Hank Paulson's tour of the Middle East has taken on an unseemly quality as the Treasury Secretary has been effectively reduced to begging for both cash and relief from high oil prices.
"We are urging all oil-producing countries to open oil markets to foreign investment, which would support faster and more efficient growth," Paulson said, the WSJ reports.
Of course, Paulson can't take a hard line with OPEC because America has no energy policy and because we need foreign dollars to fund our deficit and help bail out ailing financial institutions.
"Among some sovereign-wealth-fund managers, our initiative has raised concerns that we are trying to limit the scope of their activities or release privileged information," Paulson said. "In fact, our purpose is just the opposite. [America] benefit[s] from sovereign-wealth-fund investments."
In a separate but definitely related development, Fed chairman Ben Bernanke gave a speech Tuesday morning in which he acknowledged: "The possibility that commodity prices will continue to rise is an important risk to the inflation forecast."

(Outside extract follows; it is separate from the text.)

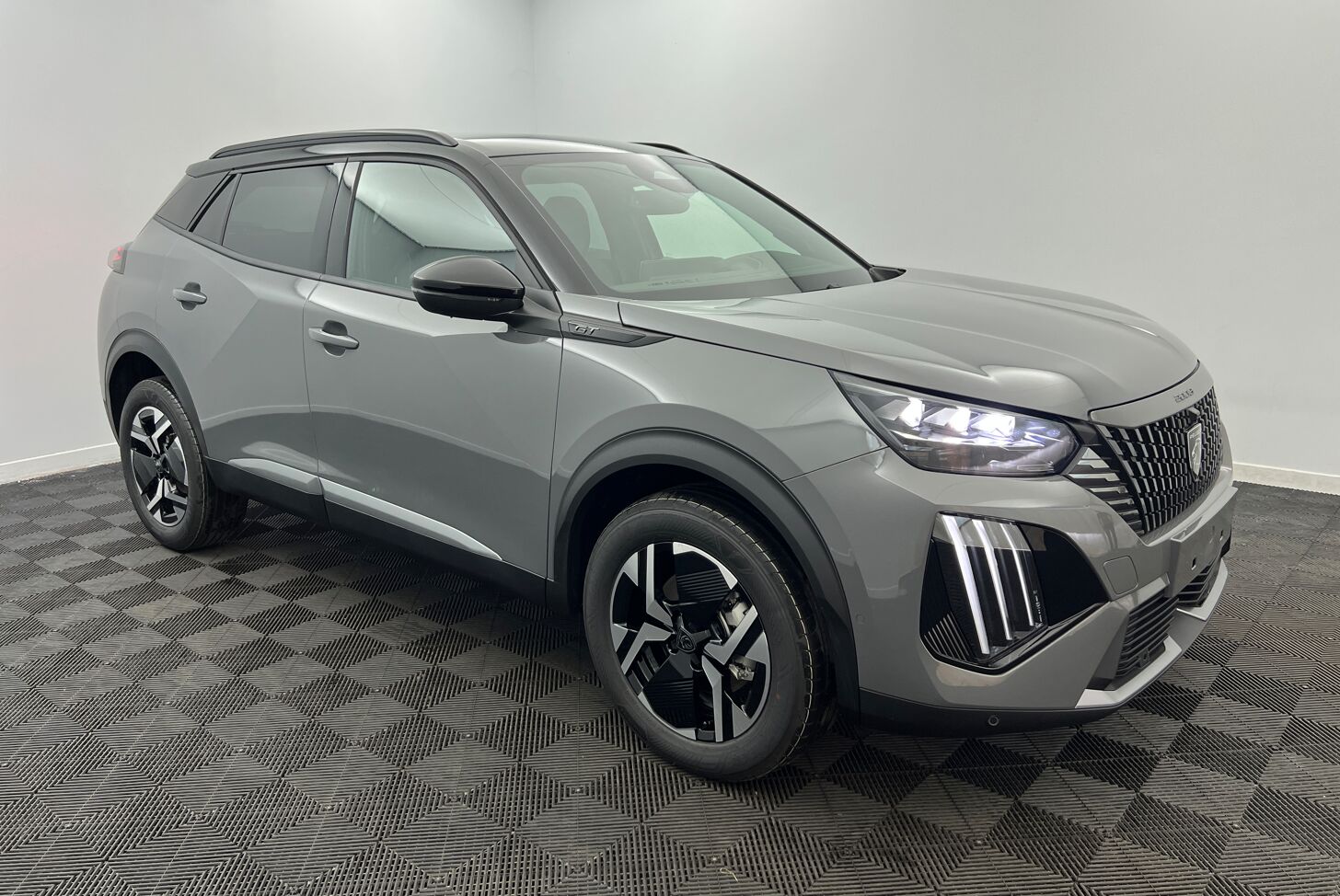 PEUGEOT 2008 SUV Hybride Essence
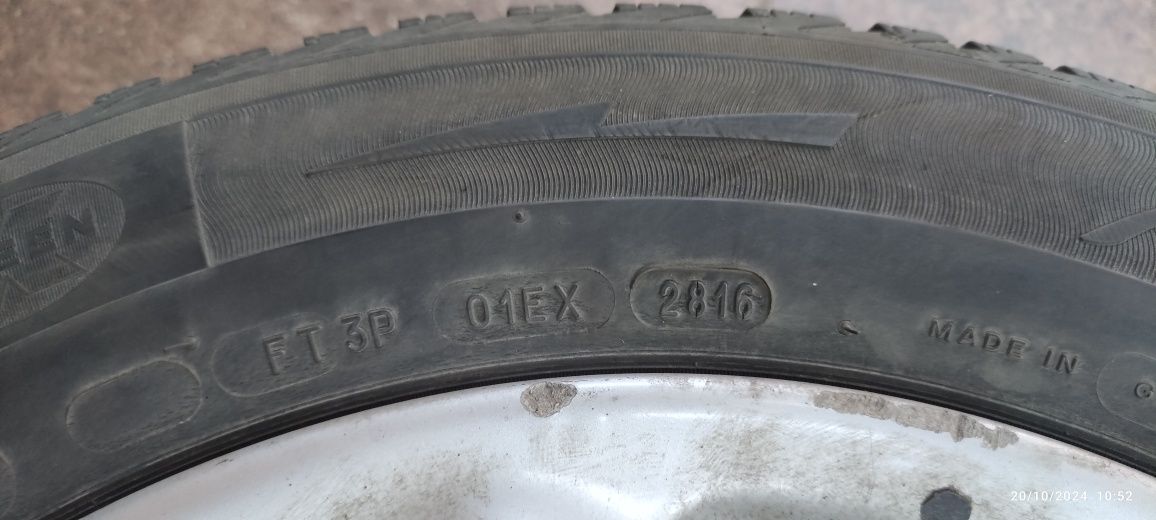 Продавам 4 броя 16 цолови лети джанти със зимни гуми за Мерцедес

What really has financial markets and Fed watchers aflutter today are Bernanke's uncharacteristically strong (for any Fed chief) statements about supporting the greenback: "We are attentive to the implications of changes in the value of the dollar for inflation and inflation expectations."
Of course, if Bernanke had paid a little closer attention to the dollar previously, Paulson might not have to be going hat in hand to our "friends" in the Middle East.